Everything from the line containing "this 1024×768 image." through the final line of the material is to be restated word for word, and only that.

→ **Raw data**:
┌────────
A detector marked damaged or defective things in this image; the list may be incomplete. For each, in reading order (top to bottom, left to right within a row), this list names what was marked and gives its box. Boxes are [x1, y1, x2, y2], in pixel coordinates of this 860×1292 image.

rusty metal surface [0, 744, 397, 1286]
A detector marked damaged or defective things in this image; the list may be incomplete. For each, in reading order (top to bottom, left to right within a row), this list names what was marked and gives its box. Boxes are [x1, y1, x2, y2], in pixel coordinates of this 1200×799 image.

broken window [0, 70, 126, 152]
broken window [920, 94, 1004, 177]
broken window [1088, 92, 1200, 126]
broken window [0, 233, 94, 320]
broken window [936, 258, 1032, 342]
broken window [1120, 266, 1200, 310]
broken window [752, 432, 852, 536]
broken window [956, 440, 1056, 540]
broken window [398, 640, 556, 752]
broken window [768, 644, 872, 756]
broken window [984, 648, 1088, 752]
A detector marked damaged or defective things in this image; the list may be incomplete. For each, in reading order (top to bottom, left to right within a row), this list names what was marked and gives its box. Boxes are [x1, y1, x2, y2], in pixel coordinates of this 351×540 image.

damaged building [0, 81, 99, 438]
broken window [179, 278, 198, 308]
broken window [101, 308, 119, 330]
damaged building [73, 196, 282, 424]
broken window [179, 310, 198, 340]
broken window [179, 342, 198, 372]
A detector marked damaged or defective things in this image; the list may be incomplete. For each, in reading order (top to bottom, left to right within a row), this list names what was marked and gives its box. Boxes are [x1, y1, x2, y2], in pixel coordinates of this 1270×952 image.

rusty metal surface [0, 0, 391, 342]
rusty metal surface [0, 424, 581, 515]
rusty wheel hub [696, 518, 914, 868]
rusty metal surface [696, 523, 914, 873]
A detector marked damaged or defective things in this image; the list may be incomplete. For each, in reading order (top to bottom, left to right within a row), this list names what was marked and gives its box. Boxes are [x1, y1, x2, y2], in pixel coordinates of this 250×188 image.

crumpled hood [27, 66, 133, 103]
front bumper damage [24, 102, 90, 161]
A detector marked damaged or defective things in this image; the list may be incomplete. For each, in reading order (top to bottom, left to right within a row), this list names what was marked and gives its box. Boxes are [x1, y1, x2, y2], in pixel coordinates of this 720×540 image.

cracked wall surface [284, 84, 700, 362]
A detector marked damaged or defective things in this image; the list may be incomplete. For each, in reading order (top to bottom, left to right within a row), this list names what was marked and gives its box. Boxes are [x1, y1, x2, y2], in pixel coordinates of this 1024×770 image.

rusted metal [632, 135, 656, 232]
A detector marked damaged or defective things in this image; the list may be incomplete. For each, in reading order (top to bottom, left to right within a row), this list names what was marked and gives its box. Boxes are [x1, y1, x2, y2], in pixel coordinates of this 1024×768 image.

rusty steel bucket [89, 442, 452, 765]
└────────
→ **Response box**:
A detector marked damaged or defective things in this image; the list may be incomplete. For each, in reading order (top to bottom, left to right within a row), this list names what was marked and gives its box. Boxes are [x1, y1, x2, y2], in pixel coordinates of this 1024×768 image.

rusty steel bucket [89, 442, 452, 765]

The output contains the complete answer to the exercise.